Supplied entries:
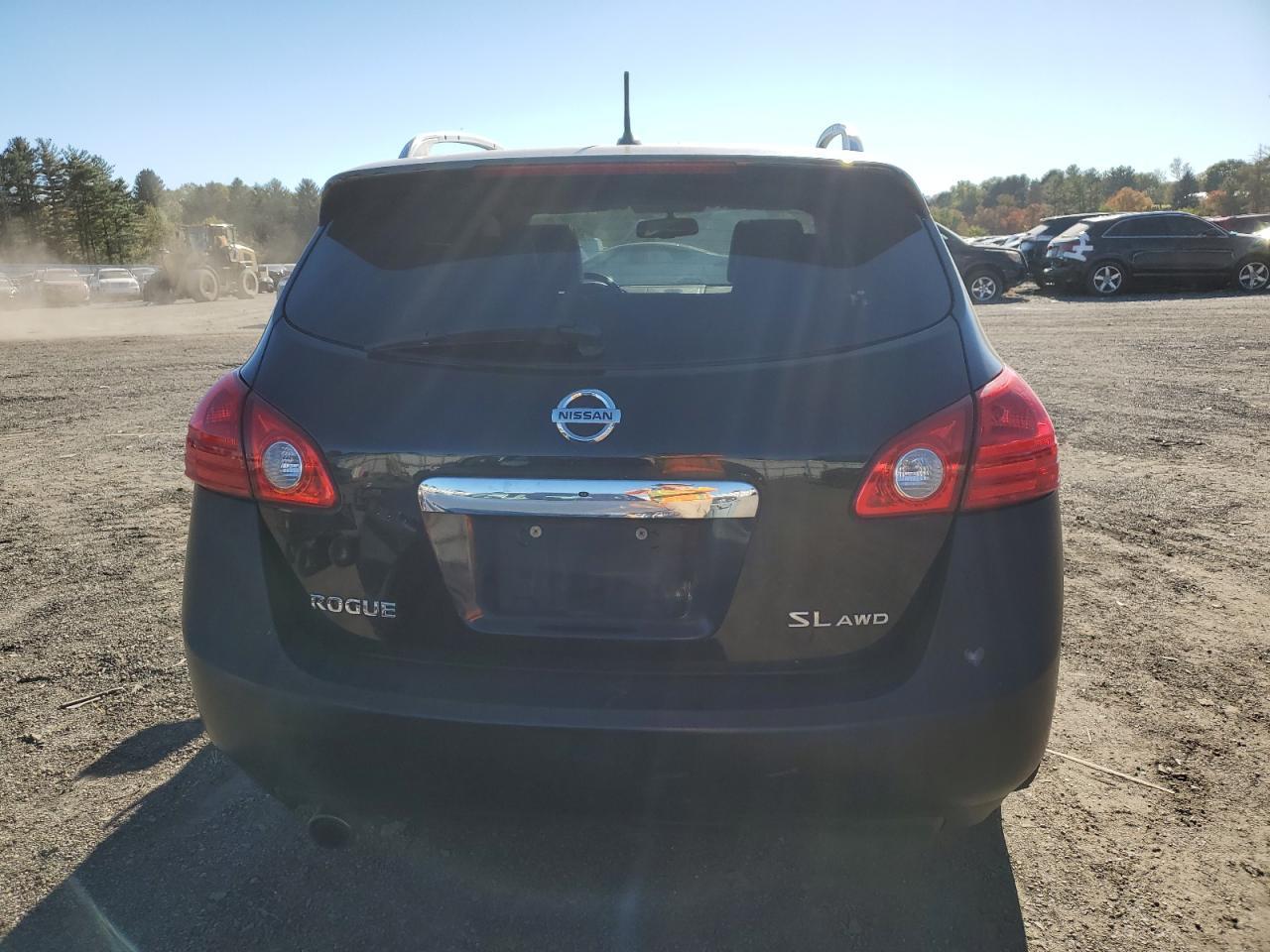 2012 NISSAN ROGUE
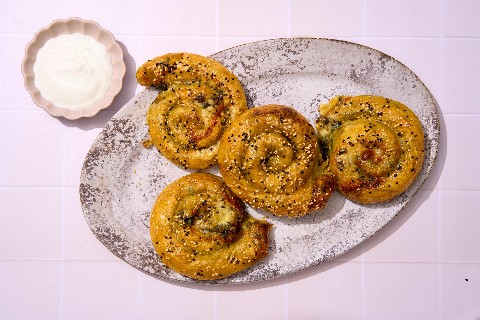 Börek de feuilles de riz aux épinards et à la feta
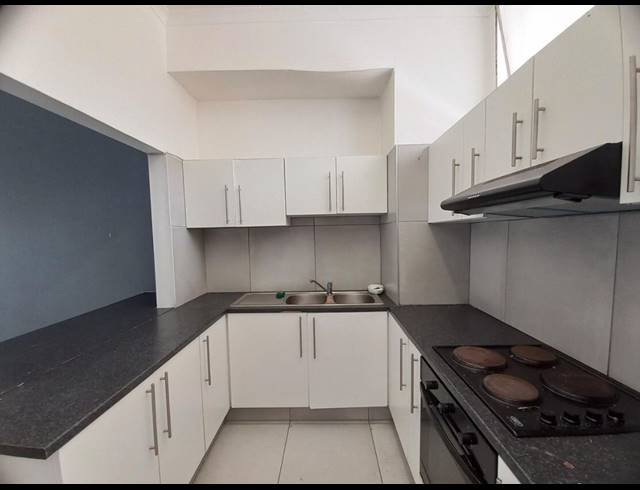 BEDROOM APARTMENT FOR SALE IN DURBAN CENTRAL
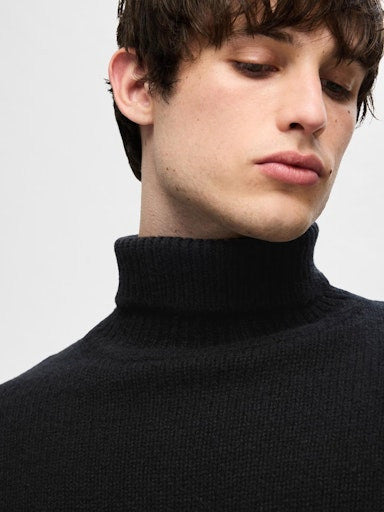 SLHCODY LS KNIT RELAXED ROLL NECK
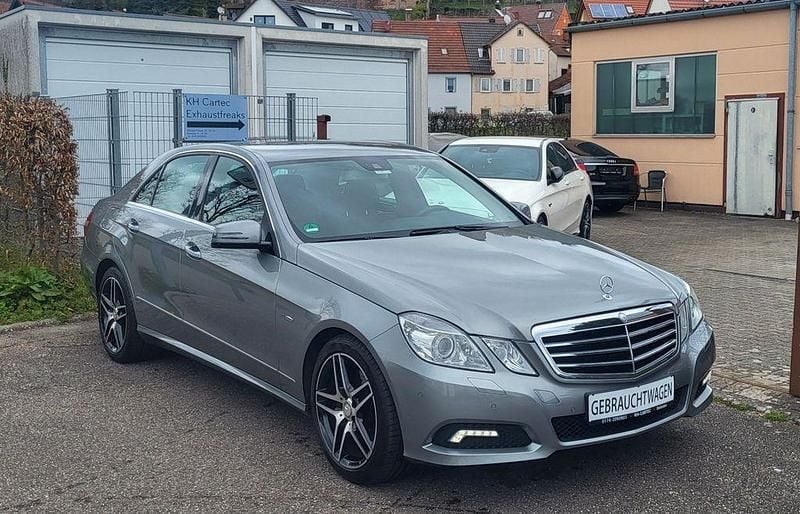 Gebraucht Mercedes E350 292 PS (214 kW) 2010 Silber Limousine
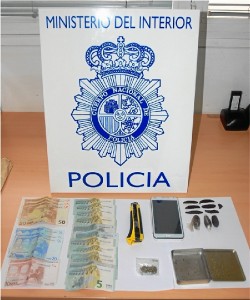 Material incautado por la Policía.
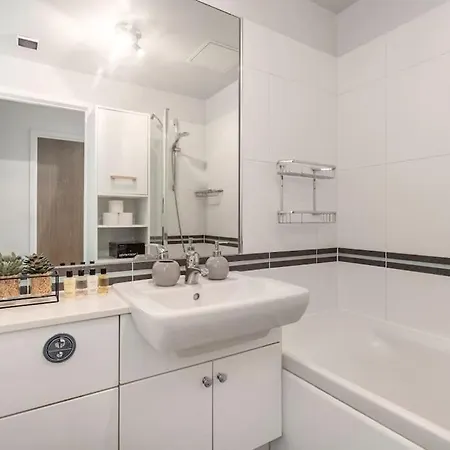 Chic 2br With Natural Light, Indoor Plants, And Balcony! Apartment *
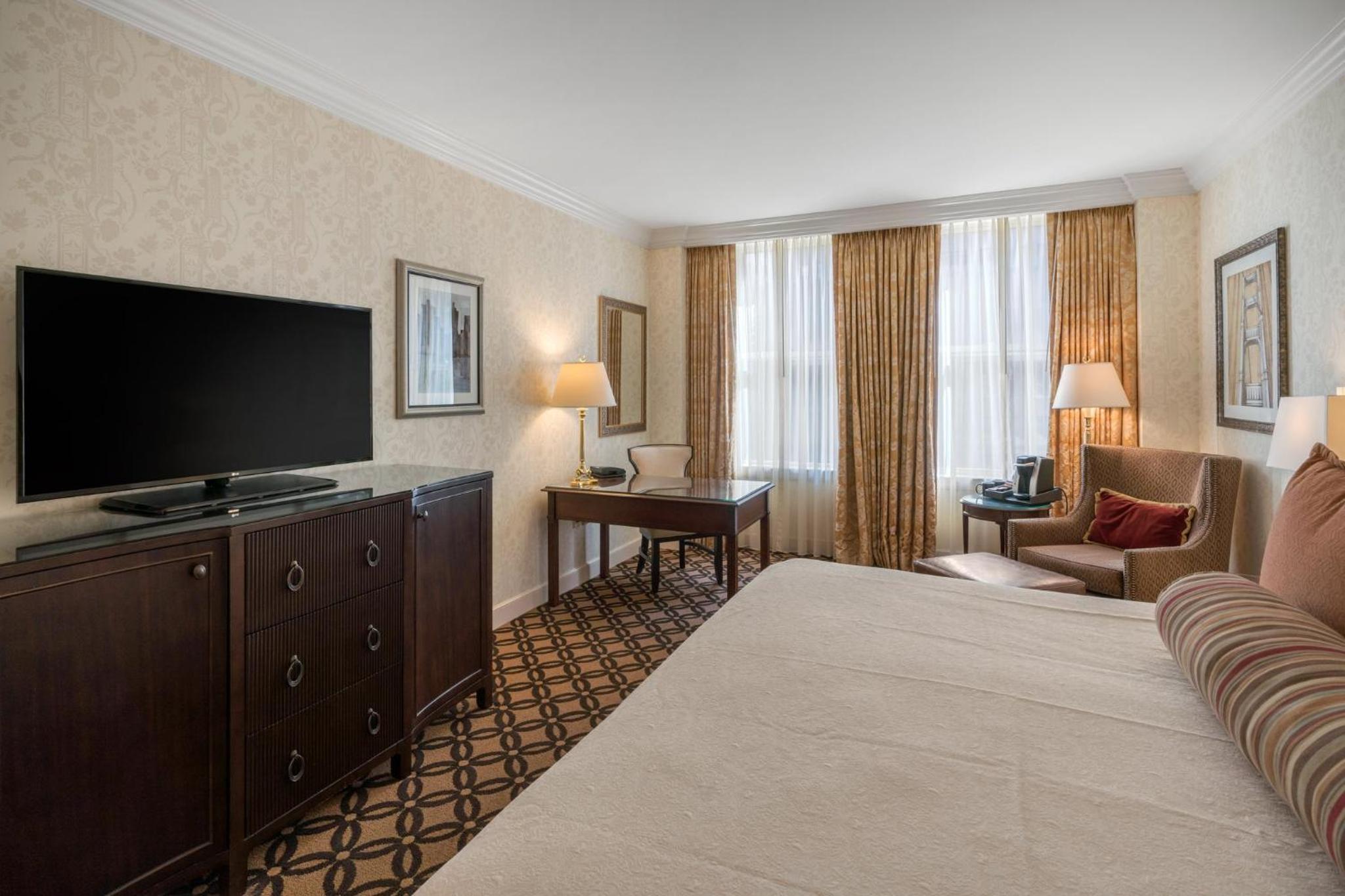 Signature Room 1 King Bed - Photo 3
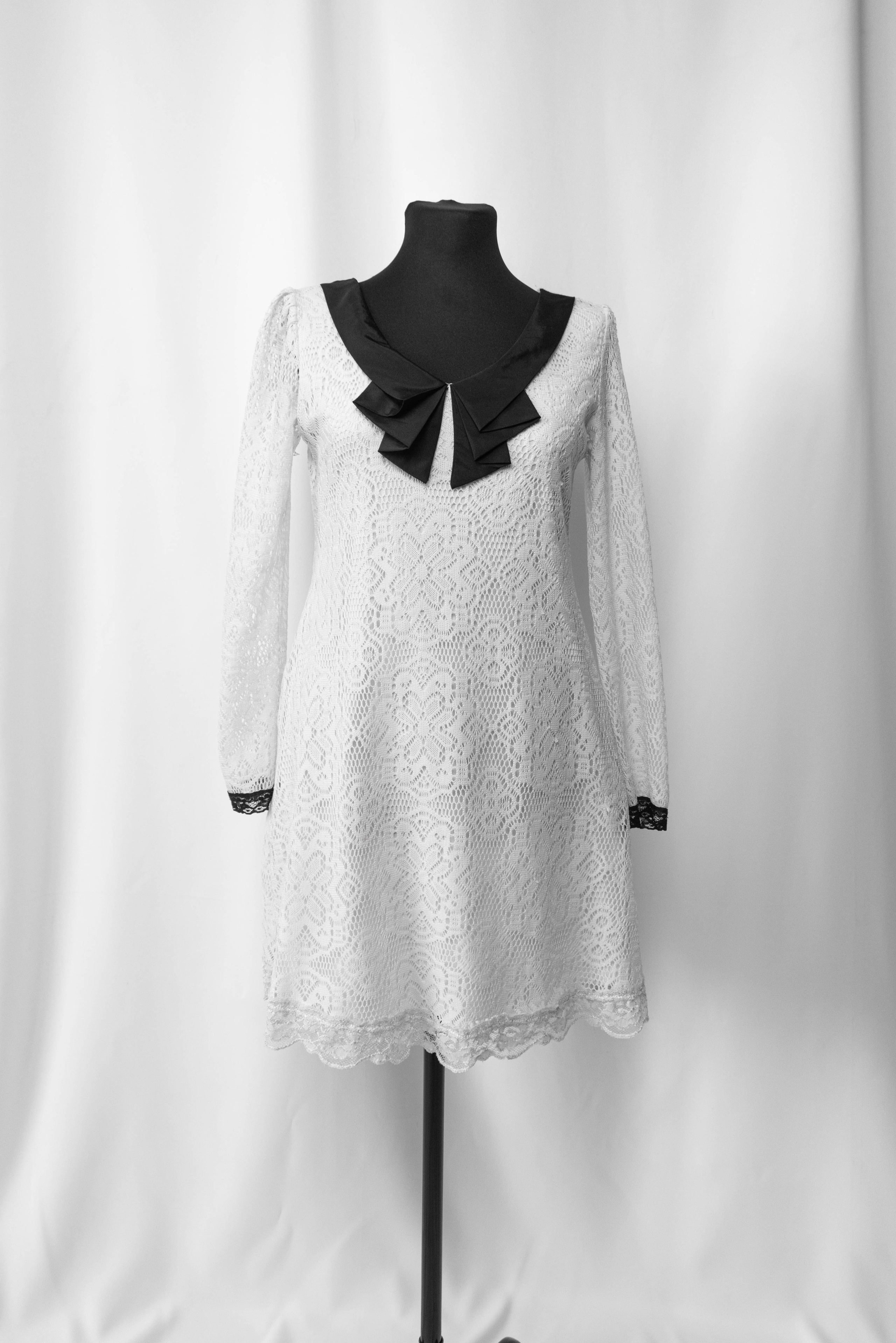 Короткие платья. Интерьерная фотостудия Background в Омске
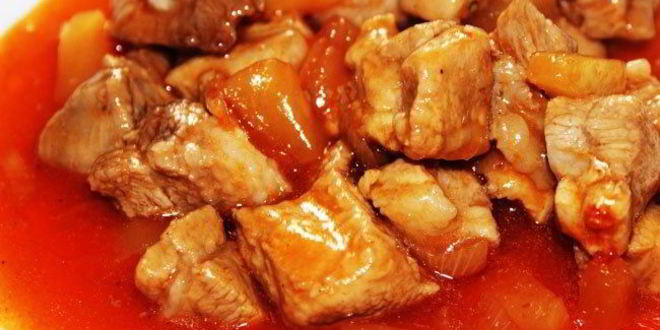 Рецепт Мяса с ананасами в кисло-сладком соусе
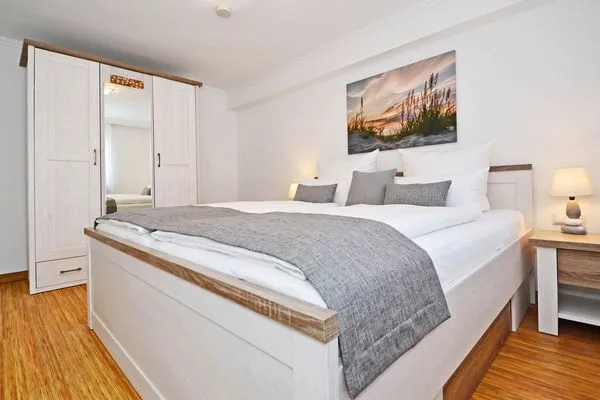Schlafzimmer Uns Schilfhus App. Strandgut mit Parkplatz und nur 100 m zum Strand
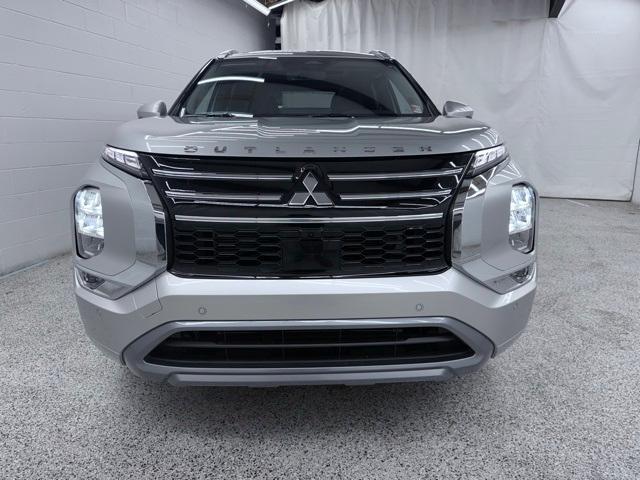 new 2025 Mitsubishi Outlander car, priced at $37,810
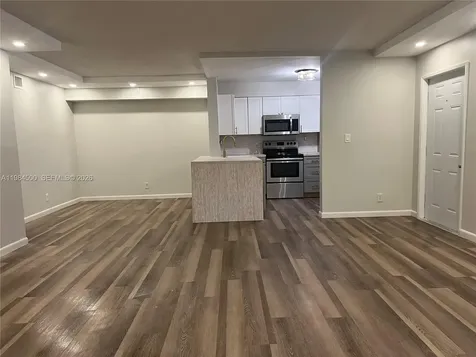 3001 N Oakland Forest Drive Oakland Park FL 33309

Description of the task:
Please print the lines above word for word, starting at the one with "Börek de feuilles" and ending at the one with "Рецепт Мяса с", both included, and without any picture.

Your solution:
 Börek de feuilles de riz aux épinards et à la feta
 BEDROOM APARTMENT FOR SALE IN DURBAN CENTRAL
 SLHCODY LS KNIT RELAXED ROLL NECK
 Gebraucht Mercedes E350 292 PS (214 kW) 2010 Silber Limousine
 Material incautado por la Policía.
 Chic 2br With Natural Light, Indoor Plants, And Balcony! Apartment *
 Signature Room 1 King Bed - Photo 3
 Короткие платья. Интерьерная фотостудия Background в Омске
 Рецепт Мяса с ананасами в кисло-сладком соусе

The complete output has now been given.